National
Nepal truth panel lacks tools to act amid rising complaints
Four months on, new team is stuck as staffing and work regulations await approval.
Binod Ghimire
Despite receiving an encouraging number of new complaints from insurgency-era victims, the Truth and Reconciliation Commission still lacks the necessary legal and administrative instruments to expedite its work—nearly four months after the appointment of the new team.
The five-member team led by Mahesh Thapa was appointed on May 14, based on amendments to the Enforced Disappearances Enquiry, Truth and Reconciliation Commission Act made in August last year. The new team called applications from the victims, who could not file in the past for various reasons, with a three-month deadline. The victims, across the nation, lodged 15,191 new complaints, taking the total count to 78,909. It already had 63,718 cases pending.
However, a week short of four months after the new team took over, neither the regulations nor the organisation and management (O&M) survey have been approved. Also, the commission has yet to give final touches to its four-year strategy. The revised Act has given four years to the truth commission and the Commission of Investigation on Enforced Disappeared Persons to complete their work.
Speaking at an interaction in the Capital on Sunday, Thapa said the truth commission has already given its feedback on the regulations, which the Ministry of Law, Justice and Parliamentary Affairs is finalising. However, the regulations have yet to be discussed with conflict victims, the key stakeholders in the transitional justice process.
Even as commission officials claim they will mobilise the teams for truth-seeking after the Dashain festival (mid-October), the government has yet to approve the O&M survey, which determines how many staff members are necessary under which category.
“We have already forwarded the survey report for approval. The new staff will be appointed after its approval,” said Thapa, refraining from giving the exact number of staff they have proposed to the government. At present, the truth commission has 89 postings, but several of them remain vacant.
The commission is also yet to formalise its four-year strategy, demarcating which task will be accomplished when. “We believe the commission will accomplish its job before the completion of the four-year tenure,” Thapa claimed but he refused to give the breakdown of tasks and its timeframe.
During the interaction, the commission’s officials claimed that everyone who came to file the complaints were satisfied with the commission’s performance. However, not all victims who lodged the complaints recently agree. The National Association of Conflict Rape Victims, which facilitated in filing the most of 3,912 complaints related to conflict-era rape and sexual violence, said it filed the complaints with five different conditions.
Devi Khadka, coordinator of the nextwork of conflict-related sexual violence victims, said they had asked Thapa, the commission chair, to give assurances in writing that their concerns be addressed.
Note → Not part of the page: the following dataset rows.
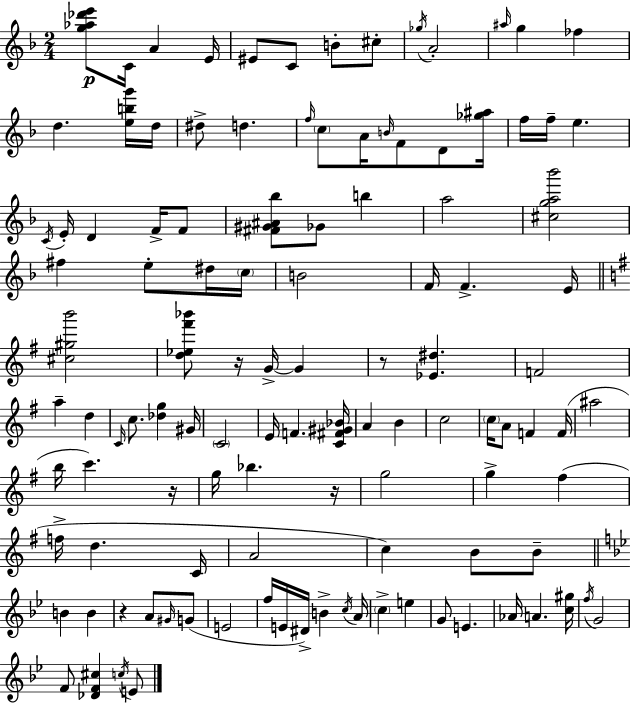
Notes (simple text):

[G5,Ab5,Db6,E6]/e C4/s A4/q E4/s EIS4/e C4/e B4/e C#5/e Gb5/s A4/h A#5/s G5/q FES5/q D5/q. [E5,B5,G6]/s D5/s D#5/e D5/q. F5/s C5/e A4/s B4/s F4/e D4/e [Gb5,A#5]/s F5/s F5/s E5/q. C4/s E4/s D4/q F4/s F4/e [F#4,G#4,A#4,Bb5]/e Gb4/e B5/q A5/h [C#5,G5,A5,Bb6]/h F#5/q E5/e D#5/s C5/s B4/h F4/s F4/q. E4/s [C#5,G#5,B6]/h [D5,Eb5,F#6,Bb6]/e R/s G4/s G4/q R/e [Eb4,D#5]/q. F4/h A5/q D5/q C4/s C5/e. [Db5,G5]/q G#4/s C4/h E4/s F4/q. [C4,F#4,G#4,Bb4]/s A4/q B4/q C5/h C5/s A4/e F4/q F4/s A#5/h B5/s C6/q. R/s G5/s Bb5/q. R/s G5/h G5/q F#5/q F5/s D5/q. C4/s A4/h C5/q B4/e B4/e B4/q B4/q R/q A4/e G#4/s G4/e E4/h F5/s E4/s D#4/s B4/q C5/s A4/s C5/q E5/q G4/e E4/q. Ab4/s A4/q. [C5,G#5]/s F5/s G4/h F4/e [Db4,F4,C#5]/q C5/s E4/e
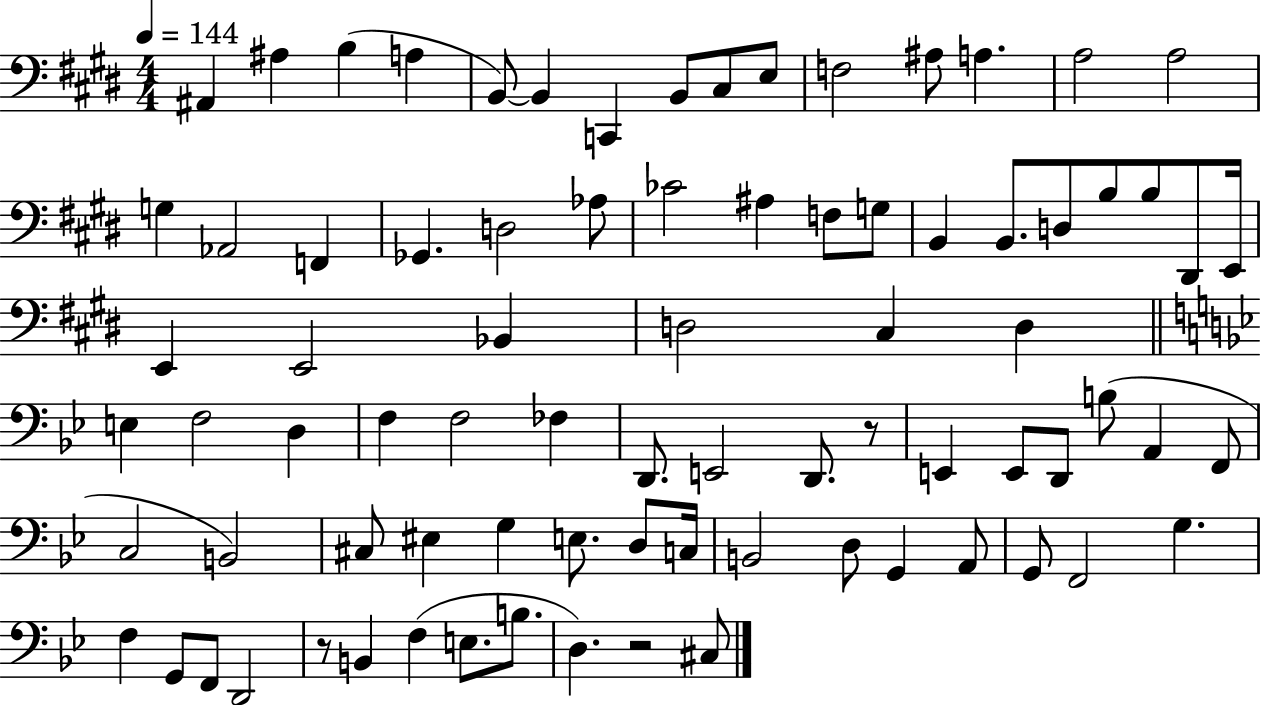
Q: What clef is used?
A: bass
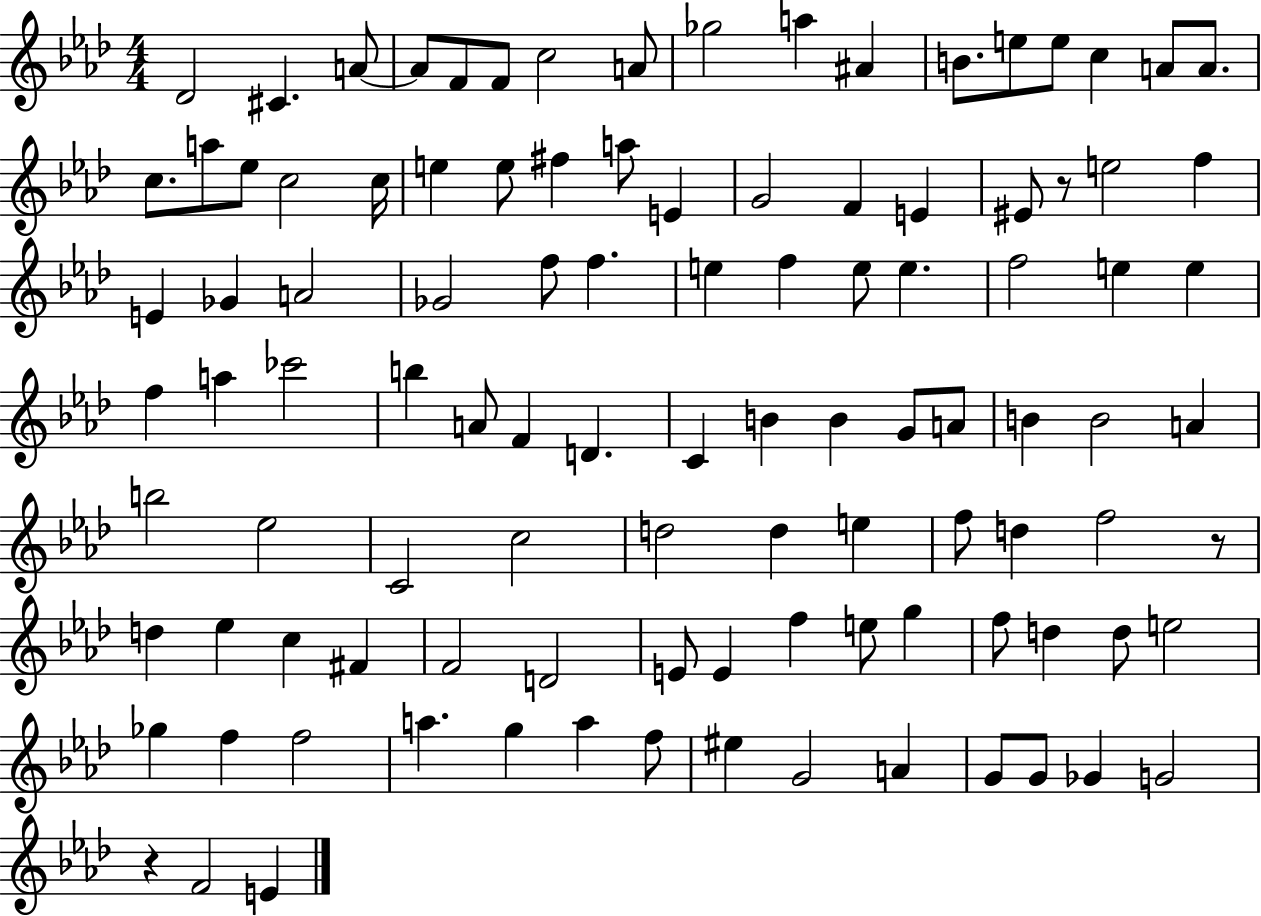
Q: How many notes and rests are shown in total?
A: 105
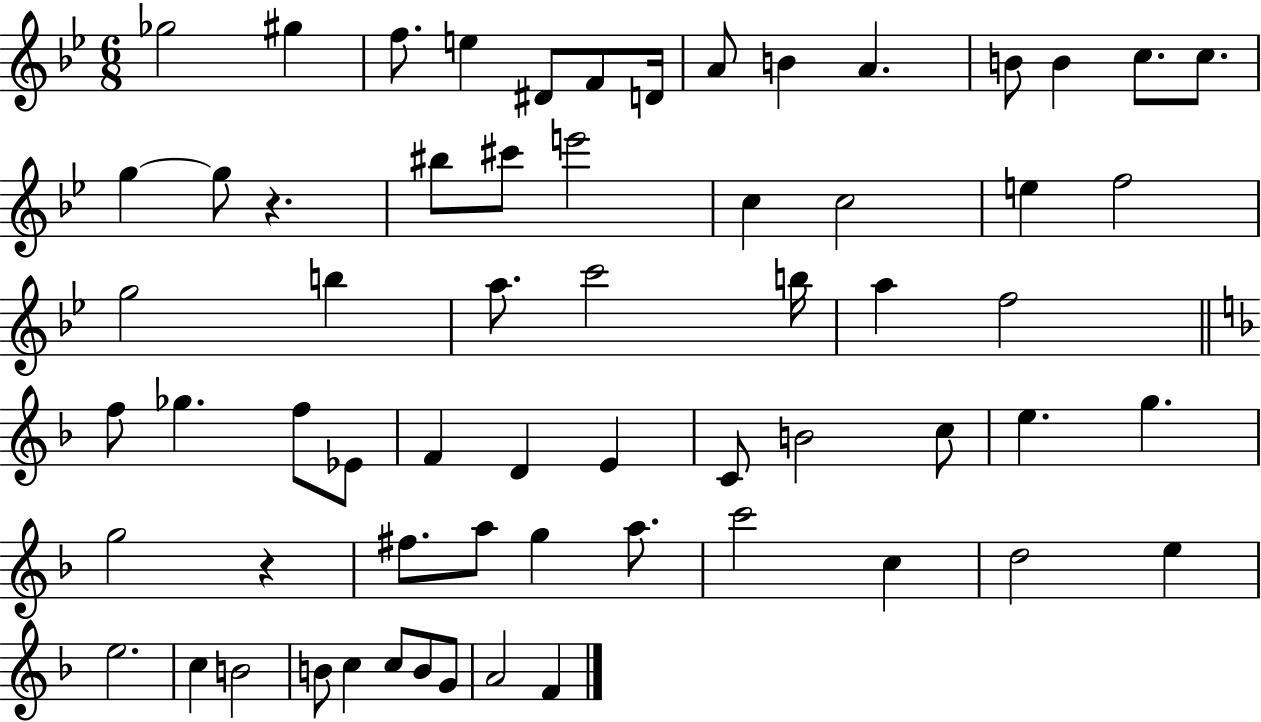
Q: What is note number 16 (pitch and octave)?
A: G5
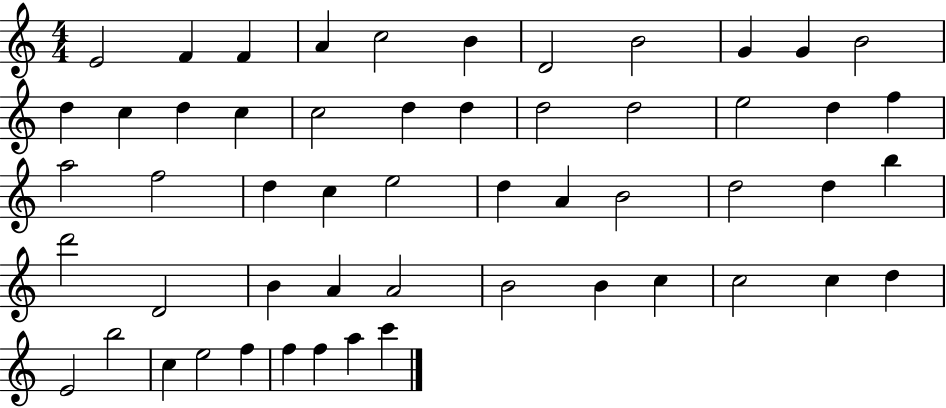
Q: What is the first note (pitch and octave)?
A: E4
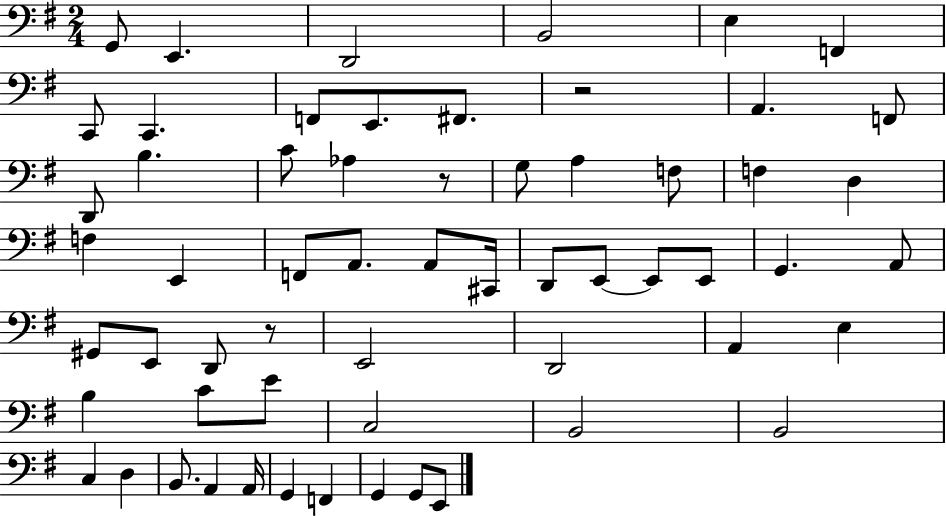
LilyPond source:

{
  \clef bass
  \numericTimeSignature
  \time 2/4
  \key g \major
  g,8 e,4. | d,2 | b,2 | e4 f,4 | \break c,8 c,4. | f,8 e,8. fis,8. | r2 | a,4. f,8 | \break d,8 b4. | c'8 aes4 r8 | g8 a4 f8 | f4 d4 | \break f4 e,4 | f,8 a,8. a,8 cis,16 | d,8 e,8~~ e,8 e,8 | g,4. a,8 | \break gis,8 e,8 d,8 r8 | e,2 | d,2 | a,4 e4 | \break b4 c'8 e'8 | c2 | b,2 | b,2 | \break c4 d4 | b,8. a,4 a,16 | g,4 f,4 | g,4 g,8 e,8 | \break \bar "|."
}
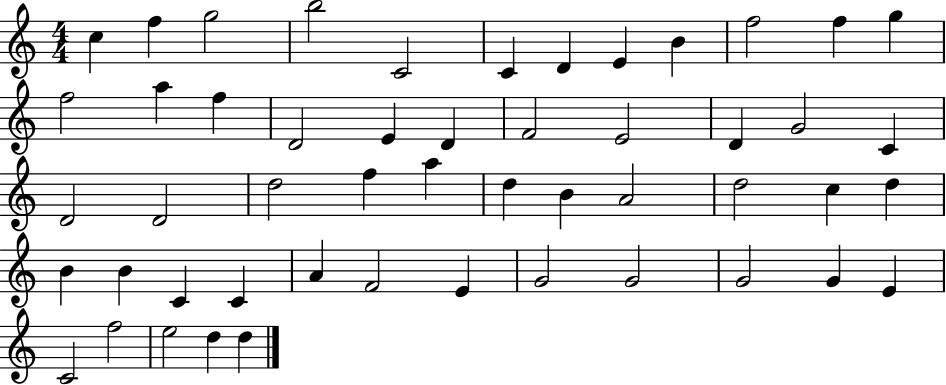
X:1
T:Untitled
M:4/4
L:1/4
K:C
c f g2 b2 C2 C D E B f2 f g f2 a f D2 E D F2 E2 D G2 C D2 D2 d2 f a d B A2 d2 c d B B C C A F2 E G2 G2 G2 G E C2 f2 e2 d d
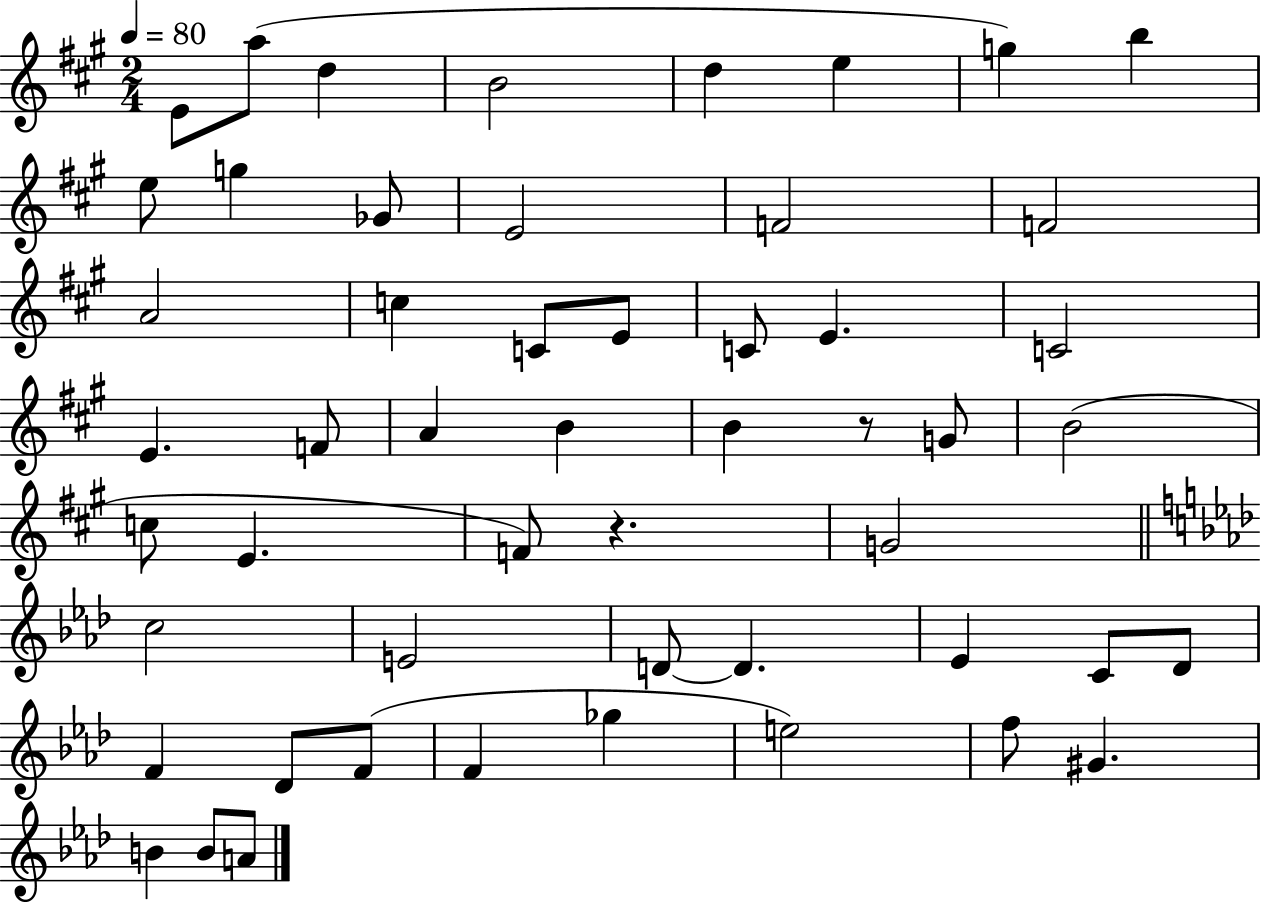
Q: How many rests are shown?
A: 2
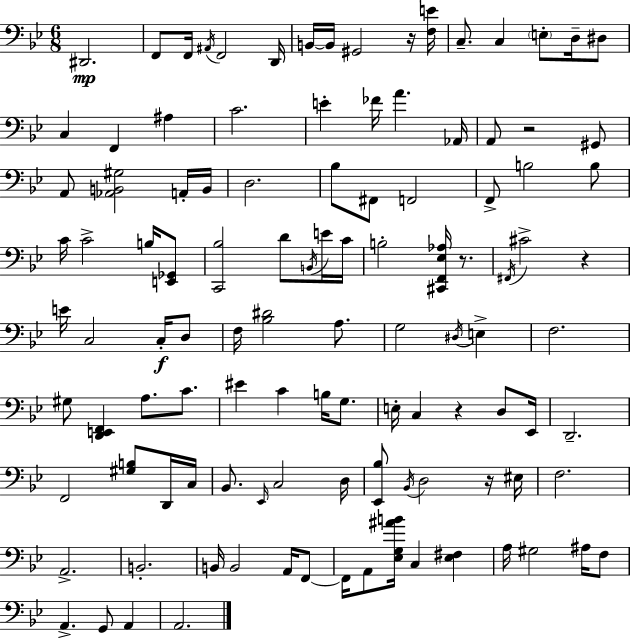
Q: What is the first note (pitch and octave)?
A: D#2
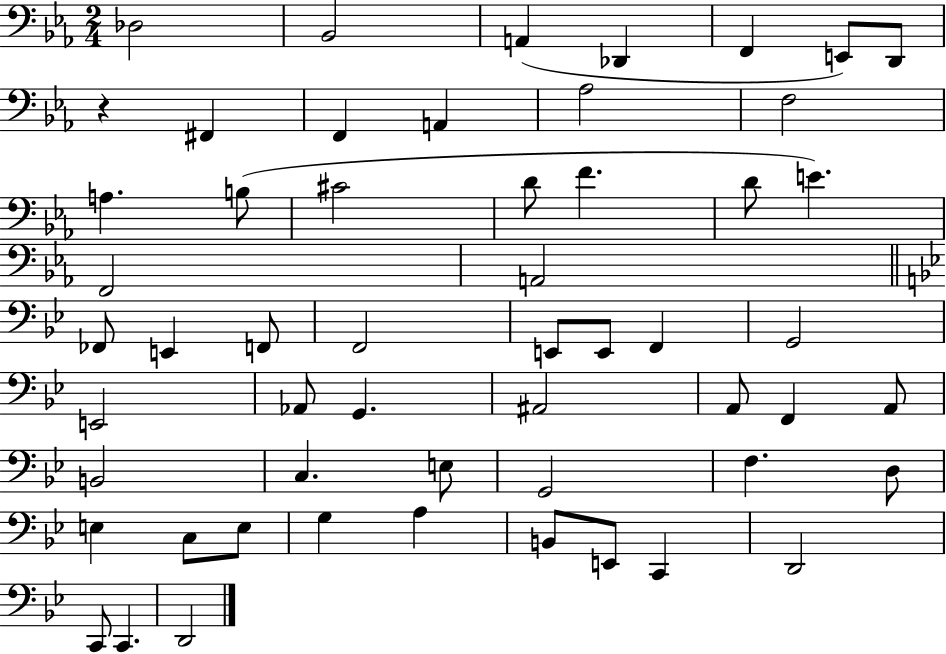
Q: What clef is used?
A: bass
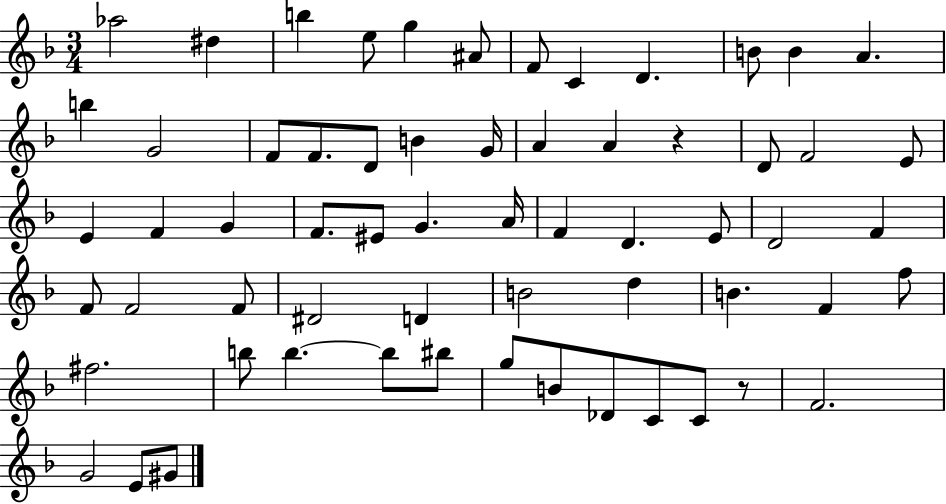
Ab5/h D#5/q B5/q E5/e G5/q A#4/e F4/e C4/q D4/q. B4/e B4/q A4/q. B5/q G4/h F4/e F4/e. D4/e B4/q G4/s A4/q A4/q R/q D4/e F4/h E4/e E4/q F4/q G4/q F4/e. EIS4/e G4/q. A4/s F4/q D4/q. E4/e D4/h F4/q F4/e F4/h F4/e D#4/h D4/q B4/h D5/q B4/q. F4/q F5/e F#5/h. B5/e B5/q. B5/e BIS5/e G5/e B4/e Db4/e C4/e C4/e R/e F4/h. G4/h E4/e G#4/e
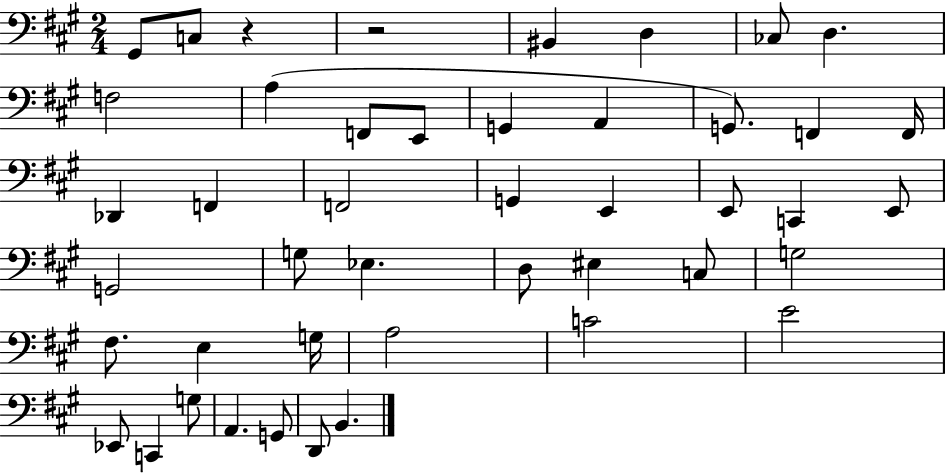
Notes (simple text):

However, he refused saying the commission would soon come up with plans to address their concerns. “We have yet to hear from the commission. We will wait for a few more days,” she told the Post.
The commission was formed despite reservations from a section of the victims and human rights activists. As many as 334 of them, on August 12, filed a writ petition at the Supreme Court alleging that the government’s latest selection process was marred by political power-sharing and the appointment of unqualified individuals. They have also demanded revocation of some provisions of the revised Act. The hearing is slated for Wednesday.
Asked what has the commission done to bring those dissatisfied on board, Thapa said, “We have also interacted with the dissident victims multiple times.” However, the victims, who are refusing to cooperate with the commission, say not a single meeting has been held.
Gopal Shah, chair of the Conflict Victims’ National Network, said he is yet to get calls from any office bearer. “I was called by an official some time after the new team was appointed. Since then I have not heard from the commission. There has not been a single meeting with the petitioners,” Shah told the Post.
First formed in 2015, the two commissions have already been constituted three times. Other than accepting complaints, they have not been able to make any progress in delivering justice to the thousands of insurgency victims.